What the exercise asks — Please reproduce the entries below exactly as they stand, but leave the pictures out.

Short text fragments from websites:
——————————
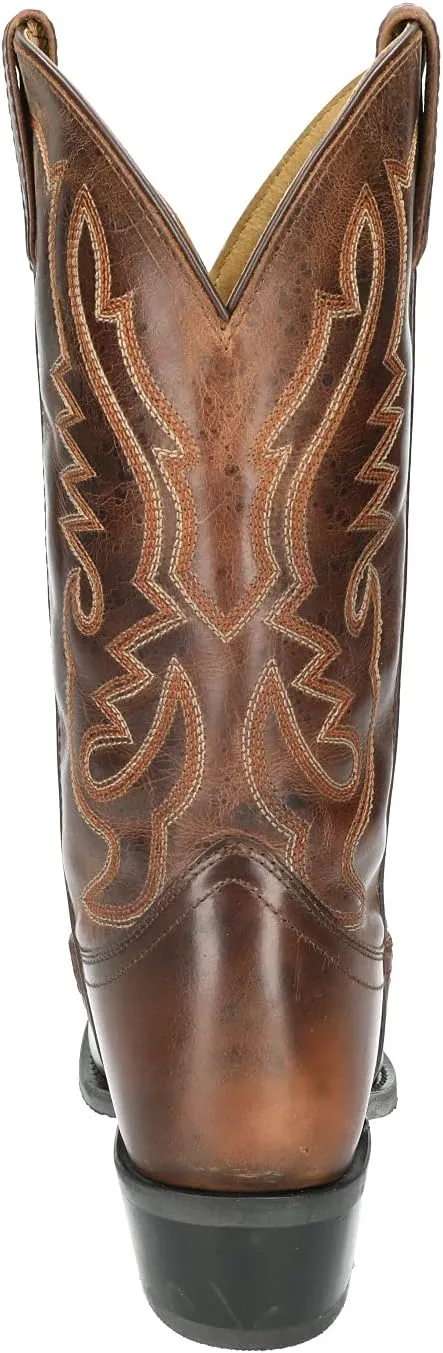 Smoky Mountain Boots Men's Denver Western Boot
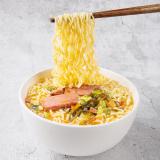 今麦郎 方便面一桶半 速食桶面 12桶/箱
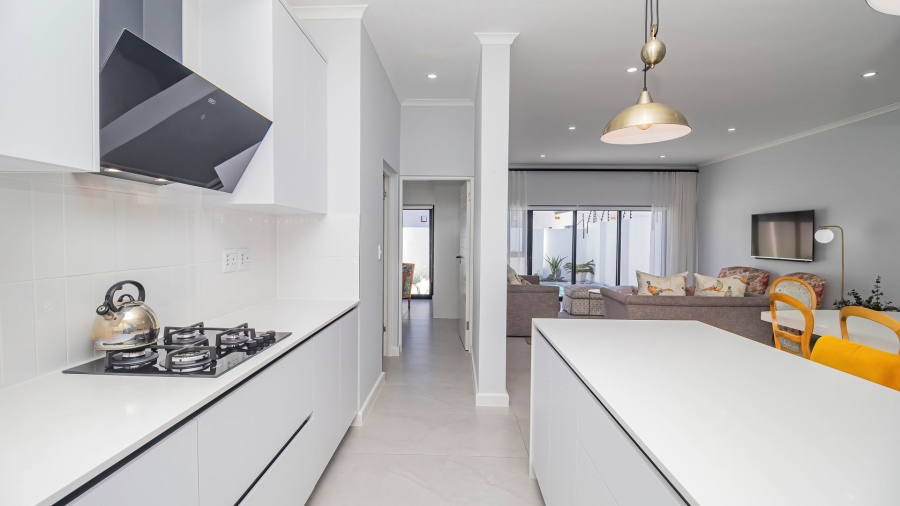 4 Bedroom Property for Sale in Sandown Western Cape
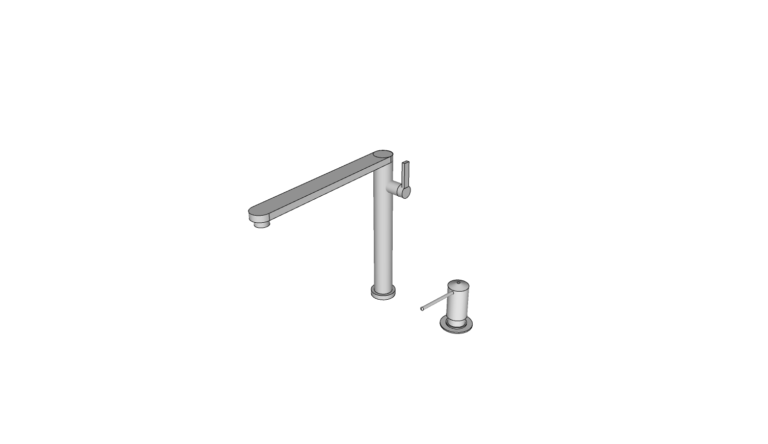 Faucet Sink 013
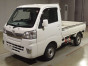 2018 Daihatsu Hijet Truck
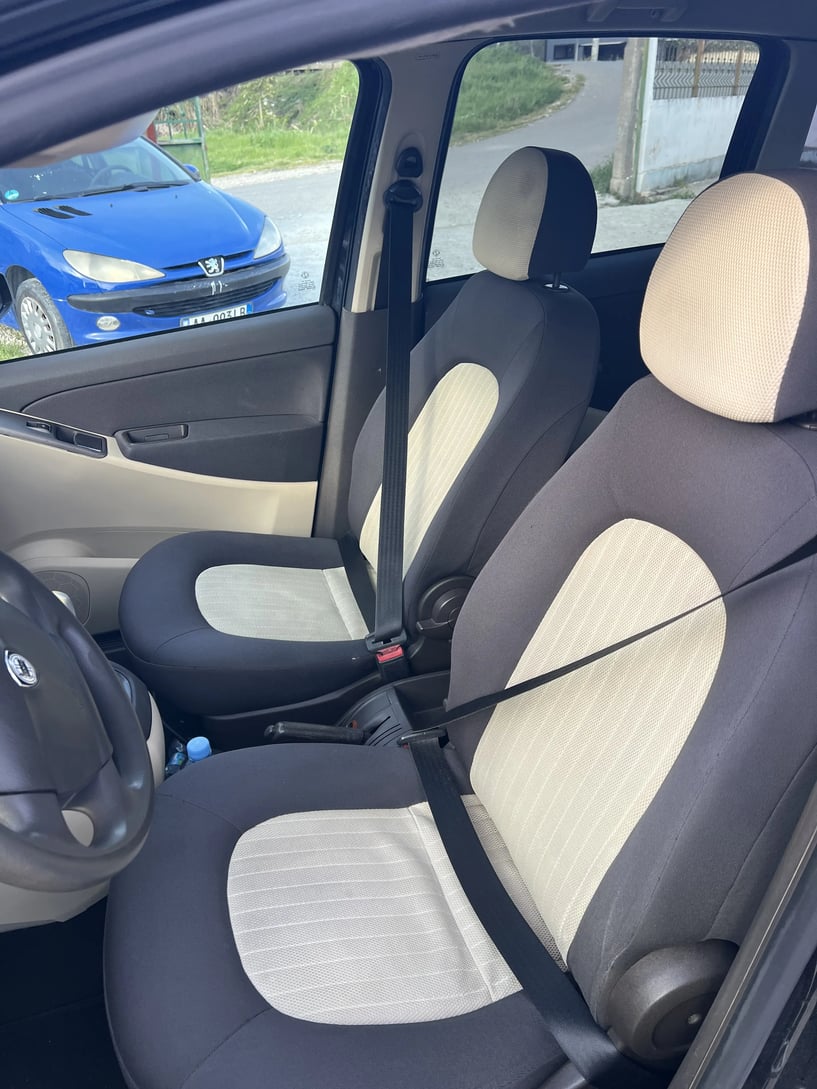 Rent a car in Durrës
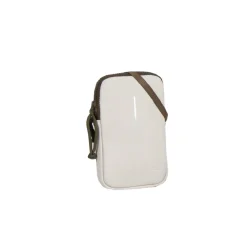 New Rebels ® Tim Waterafstotend Telefoontas Beige / Olijf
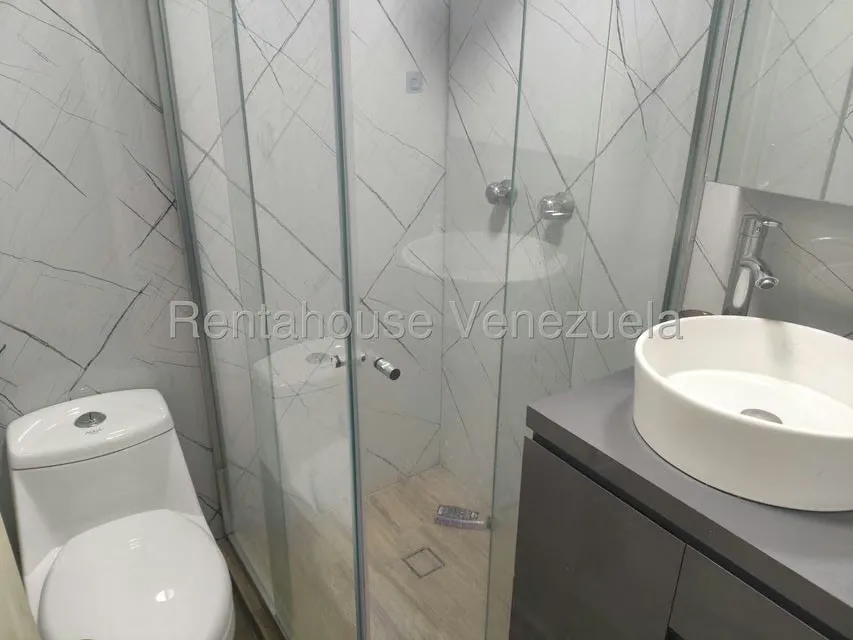 Apartamento (1 Nivel) en Venta en Macaracuay, Distrito Metropolitano - 29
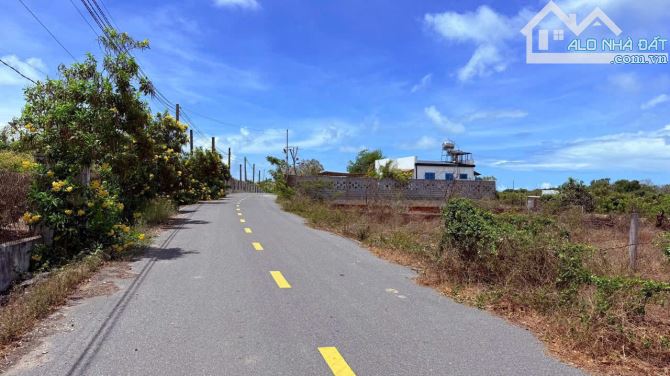 Phước Hội 👉 15x20-300m2 -124m2 thổ cư cách biển Lộc An 2km - 2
——————————
Final answer —
 Smoky Mountain Boots Men's Denver Western Boot
 今麦郎 方便面一桶半 速食桶面 12桶/箱
 4 Bedroom Property for Sale in Sandown Western Cape
 Faucet Sink 013
 2018 Daihatsu Hijet Truck
 Rent a car in Durrës
 New Rebels ® Tim Waterafstotend Telefoontas Beige / Olijf
 Apartamento (1 Nivel) en Venta en Macaracuay, Distrito Metropolitano - 29
 Phước Hội 👉 15x20-300m2 -124m2 thổ cư cách biển Lộc An 2km - 2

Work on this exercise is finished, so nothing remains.